The present invention will be described below with reference to examples, but the present invention is not limited to the scope of the examples. Various physical properties in the examples were measured by the following methods.
The double bond positions of a starting olefin were measured by gas chromatography (hereinafter abbreviated as GC). Specifically, dimethyl disulfide was allowed to react with the starting olefin to produce a dithio-derivative, and then the components were separated by GC. Then, the positions of double bonds of the starting olefin were determined based on the peak areas of the components.
The apparatus and analytical conditions used in the measurement are as follows.

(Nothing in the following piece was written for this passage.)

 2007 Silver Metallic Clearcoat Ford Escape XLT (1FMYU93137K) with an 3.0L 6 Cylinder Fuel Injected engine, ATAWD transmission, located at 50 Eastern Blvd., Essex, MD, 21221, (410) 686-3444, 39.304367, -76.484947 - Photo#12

For a sodium internal olefin sulfonate having a sulfonate group bonded thereto, the content of each sodium internal olefin sulfonate corresponding to the sulfonate group bonding position thereof was measured by a high speed liquid chromatography/mass spectrometer (HPLC-MS). Specifically, hydroxy forms having a sulfonate group bonded thereto were separated by high speed liquid chromatography (HPLC) and each component was identified with a mass spectrometer (MS). Then, the content of each component was determined from the HPLC-MS peak area.

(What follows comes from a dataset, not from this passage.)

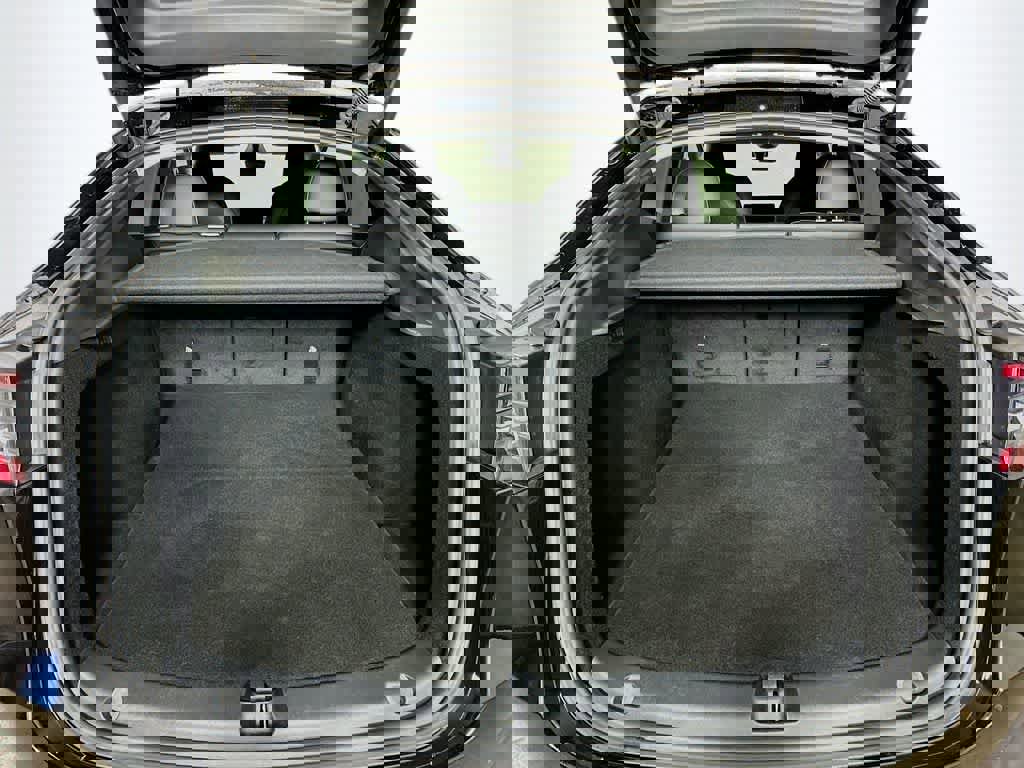 Used 2024 Tesla Model Y Performance image 20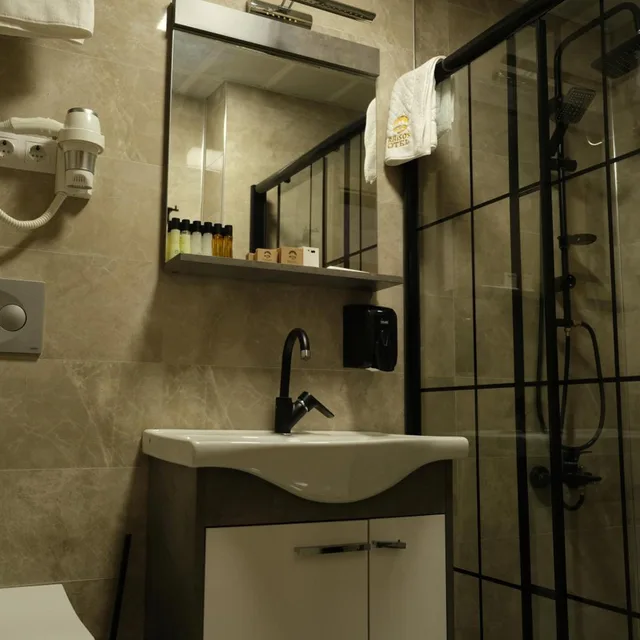 غرفة عائلية، Rhisos Otel 6/6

The apparatuses and conditions used for the measurement are as follows.
The mass ratio of hydroxy form/olefin form of a sodium internal olefin sulfonate was measured by HPLC-MS. Specifically, the hydroxy form and the olefin form were separated by HPLC, and were identified by subjecting each form to MS. Then, the ratio of the forms was determined from the HPLC-MS peak areas.

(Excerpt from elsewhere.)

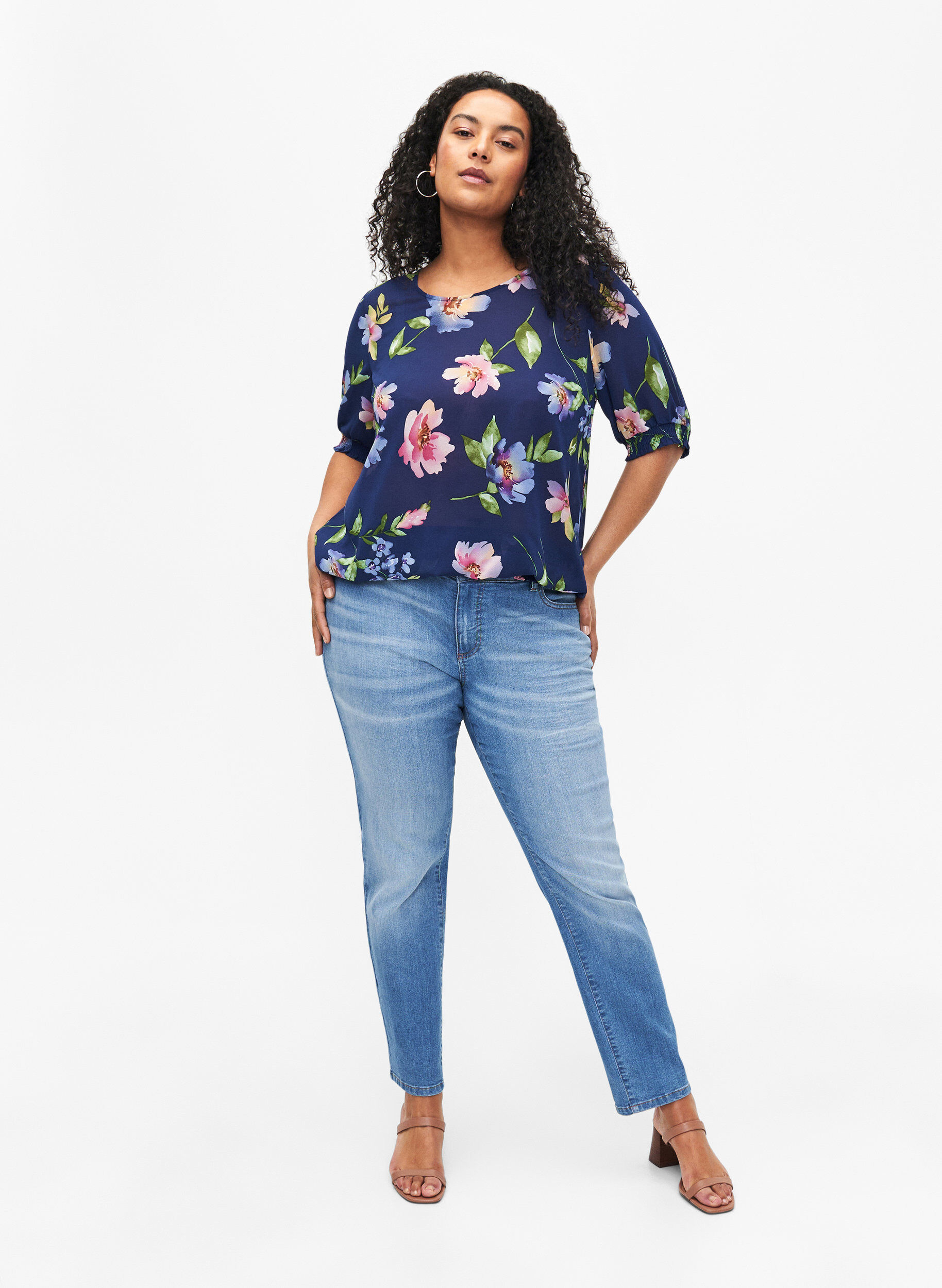Zizzi Blomstret bluse med smock, Blueprint Flower AOP, Model image number 2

Apparatuses and conditions used in the measurement are as follows.
The content of the unreacted starting olefin in a sodium internal olefin sulfonate was measured by GC. Specifically, ethanol and petroleum ether were added to an aqueous sodium internal olefin sulfonate solution to perform extraction, thereby obtaining the olefin in the petroleum ether phase. Then, the quantity of the starting olefin was determined from the GC peak area.
Apparatuses and analytical conditions used in the measurement are as follows.
The content of an inorganic compound was measured by potentiometric titration or neutralization titration. Specifically, the content of Na2SO4 was determined by measuring sulfate radicals (SO42−) by potentiometric titration. The content of NaOH was determined by neutralization titration with dilute hydrochloric acid.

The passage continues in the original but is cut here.